Description of the task:
Identify all lines of the data containing the string "natural" and copy them.

Given data:

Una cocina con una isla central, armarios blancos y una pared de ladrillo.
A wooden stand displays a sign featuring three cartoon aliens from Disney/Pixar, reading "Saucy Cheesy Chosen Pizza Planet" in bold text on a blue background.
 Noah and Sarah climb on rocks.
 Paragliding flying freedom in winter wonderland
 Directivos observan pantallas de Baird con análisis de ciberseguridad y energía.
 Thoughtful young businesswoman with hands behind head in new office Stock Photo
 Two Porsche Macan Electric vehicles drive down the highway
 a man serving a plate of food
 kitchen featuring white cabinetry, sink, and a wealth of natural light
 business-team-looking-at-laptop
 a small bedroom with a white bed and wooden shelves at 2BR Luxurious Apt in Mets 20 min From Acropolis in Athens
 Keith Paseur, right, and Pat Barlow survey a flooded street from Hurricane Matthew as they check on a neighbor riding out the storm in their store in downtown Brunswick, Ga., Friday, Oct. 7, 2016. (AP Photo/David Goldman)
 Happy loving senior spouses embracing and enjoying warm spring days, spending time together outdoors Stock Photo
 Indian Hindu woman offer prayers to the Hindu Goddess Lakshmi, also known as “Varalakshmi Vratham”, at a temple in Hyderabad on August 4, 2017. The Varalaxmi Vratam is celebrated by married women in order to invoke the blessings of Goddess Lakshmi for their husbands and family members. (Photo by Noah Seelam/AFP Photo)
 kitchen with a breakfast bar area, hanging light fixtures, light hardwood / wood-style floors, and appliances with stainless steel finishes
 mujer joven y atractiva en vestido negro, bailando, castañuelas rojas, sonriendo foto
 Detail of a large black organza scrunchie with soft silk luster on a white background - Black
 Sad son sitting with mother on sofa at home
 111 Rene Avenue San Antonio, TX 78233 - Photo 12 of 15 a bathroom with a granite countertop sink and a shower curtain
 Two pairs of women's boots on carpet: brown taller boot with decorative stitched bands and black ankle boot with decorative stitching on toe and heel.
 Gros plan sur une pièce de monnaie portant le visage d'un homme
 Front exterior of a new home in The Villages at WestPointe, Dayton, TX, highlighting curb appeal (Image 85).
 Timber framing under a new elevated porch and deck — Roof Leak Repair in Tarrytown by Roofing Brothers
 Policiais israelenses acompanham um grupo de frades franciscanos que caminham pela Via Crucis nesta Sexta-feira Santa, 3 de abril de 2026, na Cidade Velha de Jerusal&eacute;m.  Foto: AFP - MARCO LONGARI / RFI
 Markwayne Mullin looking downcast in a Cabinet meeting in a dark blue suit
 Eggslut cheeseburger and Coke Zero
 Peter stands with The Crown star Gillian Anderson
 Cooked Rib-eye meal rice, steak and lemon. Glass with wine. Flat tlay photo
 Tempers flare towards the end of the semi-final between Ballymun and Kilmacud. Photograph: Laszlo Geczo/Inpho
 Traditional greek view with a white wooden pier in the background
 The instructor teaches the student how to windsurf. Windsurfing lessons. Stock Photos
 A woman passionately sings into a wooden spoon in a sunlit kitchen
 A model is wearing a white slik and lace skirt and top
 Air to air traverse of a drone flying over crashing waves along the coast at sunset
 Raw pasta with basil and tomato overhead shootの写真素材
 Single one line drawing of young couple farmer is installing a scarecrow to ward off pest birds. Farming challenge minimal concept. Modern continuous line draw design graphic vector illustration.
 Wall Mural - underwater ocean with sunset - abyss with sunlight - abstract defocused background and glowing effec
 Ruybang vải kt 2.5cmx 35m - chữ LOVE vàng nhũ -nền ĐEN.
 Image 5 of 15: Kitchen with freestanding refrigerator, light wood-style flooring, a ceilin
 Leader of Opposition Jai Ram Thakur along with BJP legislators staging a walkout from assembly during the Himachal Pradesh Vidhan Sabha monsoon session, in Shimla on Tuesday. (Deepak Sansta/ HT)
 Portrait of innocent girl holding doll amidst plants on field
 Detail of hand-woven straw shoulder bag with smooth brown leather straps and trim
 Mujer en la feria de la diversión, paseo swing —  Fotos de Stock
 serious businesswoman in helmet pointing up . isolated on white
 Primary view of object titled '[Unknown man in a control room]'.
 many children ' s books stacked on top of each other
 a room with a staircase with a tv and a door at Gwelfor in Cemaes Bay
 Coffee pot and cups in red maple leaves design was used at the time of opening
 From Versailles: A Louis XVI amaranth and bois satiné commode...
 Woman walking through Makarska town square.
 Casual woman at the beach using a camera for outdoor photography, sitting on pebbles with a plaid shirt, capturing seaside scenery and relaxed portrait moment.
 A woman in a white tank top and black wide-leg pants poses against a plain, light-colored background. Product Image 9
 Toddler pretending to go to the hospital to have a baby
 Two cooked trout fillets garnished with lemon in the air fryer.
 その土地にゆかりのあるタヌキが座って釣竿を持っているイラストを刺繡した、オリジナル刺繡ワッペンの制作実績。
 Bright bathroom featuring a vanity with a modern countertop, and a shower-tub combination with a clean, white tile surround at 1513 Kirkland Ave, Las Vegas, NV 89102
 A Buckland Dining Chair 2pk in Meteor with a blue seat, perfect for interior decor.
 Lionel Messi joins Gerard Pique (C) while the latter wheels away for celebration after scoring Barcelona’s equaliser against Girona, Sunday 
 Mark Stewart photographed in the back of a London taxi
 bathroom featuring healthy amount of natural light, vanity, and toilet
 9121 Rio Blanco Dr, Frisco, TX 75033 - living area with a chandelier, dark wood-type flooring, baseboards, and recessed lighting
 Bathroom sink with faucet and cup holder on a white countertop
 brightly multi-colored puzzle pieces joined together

Answer for this exercise:
 kitchen featuring white cabinetry, sink, and a wealth of natural light
 bathroom featuring healthy amount of natural light, vanity, and toilet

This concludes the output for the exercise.